● Exercise details: Leave out every picture, and return exactly the lines from the line containing "Babyblooms Pink 100%" through the end of the records below, both inclusive.

++++ Provided material ++++

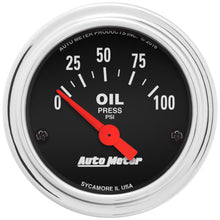 Load image into Gallery viewer, AUTOMETER 2522 - 0-100 Oil Pressure Gauge  image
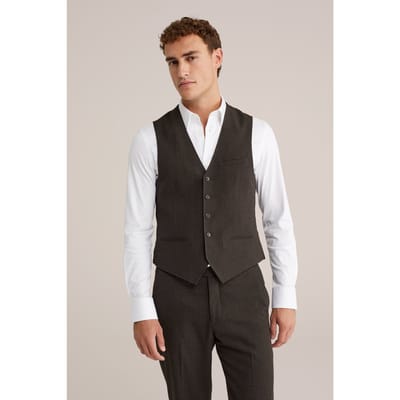 WE Fashion Waistcoat Dark Brown Taglia: 44 | Gilet Outlet | Uomo | Marrone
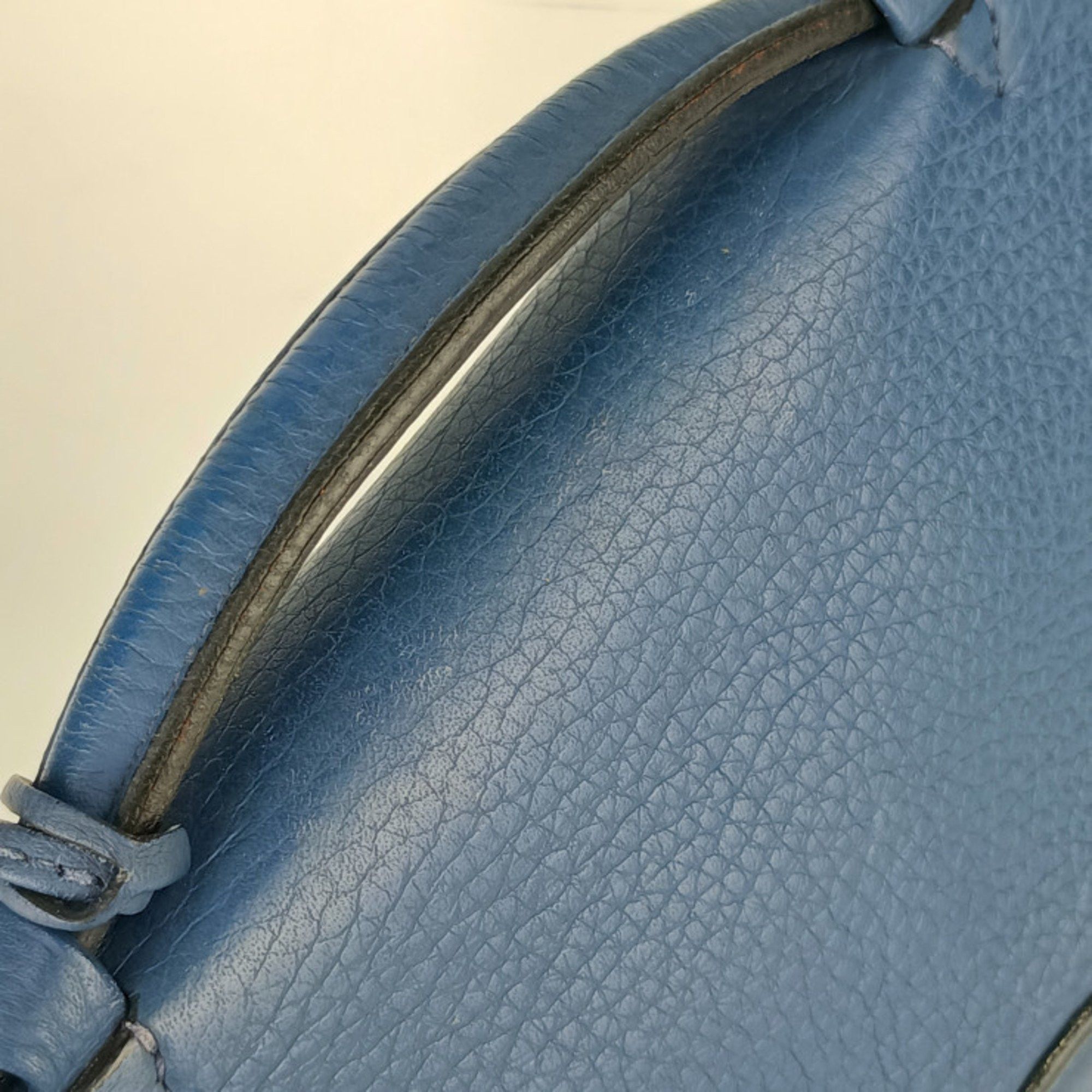 Hermes Hermes Bag Sac A Depeche 27 - Blue Taurillon Clemence Men's Handbag □J Stamp Size ONE SIZE - 6 Thumbnail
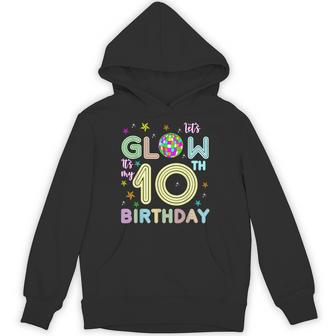 It's My 10Th Birthday Glowing 80S 10 Year Old Hoodie - Thegiftio UK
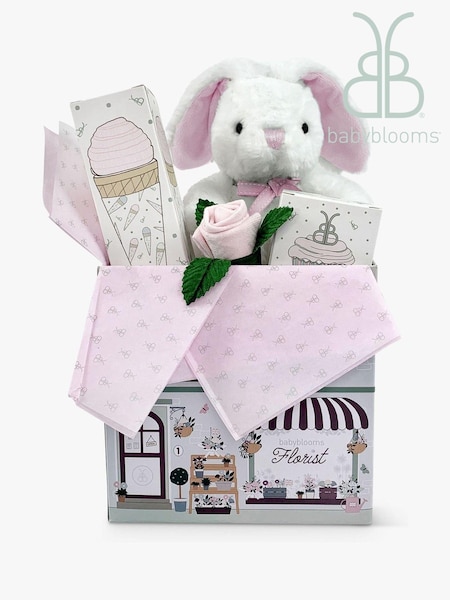 Babyblooms Pink 100% Cotton Bunny Welcome Baby Gift (495166) | £36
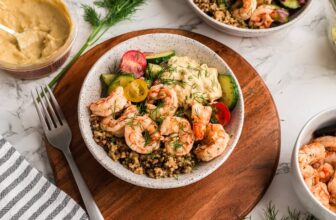 Greek Shrimp Bowls (Easy 20 Minute Dinner)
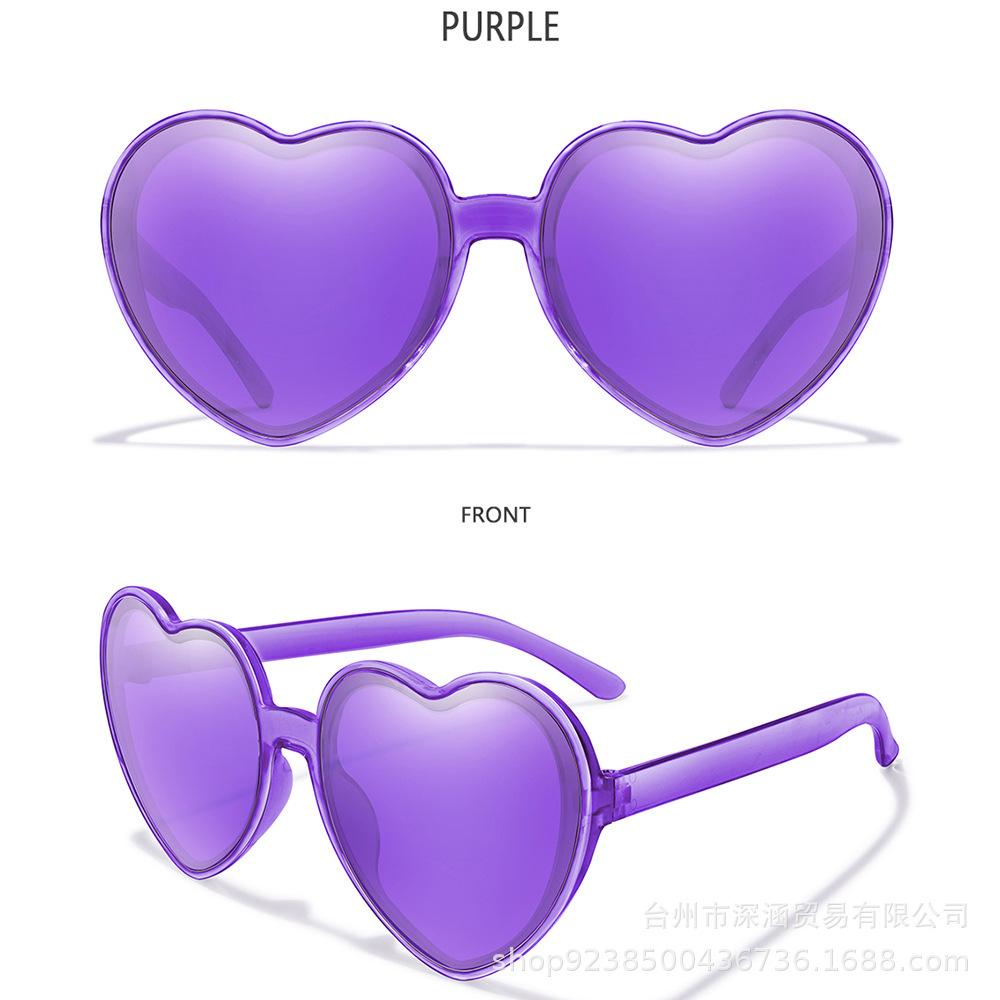 Colorful Coated Love Sunglasses Colorful Trend Party Decorative Sunglasses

++++

● Result for this exercise:
 Babyblooms Pink 100% Cotton Bunny Welcome Baby Gift (495166) | £36
 Greek Shrimp Bowls (Easy 20 Minute Dinner)
 Colorful Coated Love Sunglasses Colorful Trend Party Decorative Sunglasses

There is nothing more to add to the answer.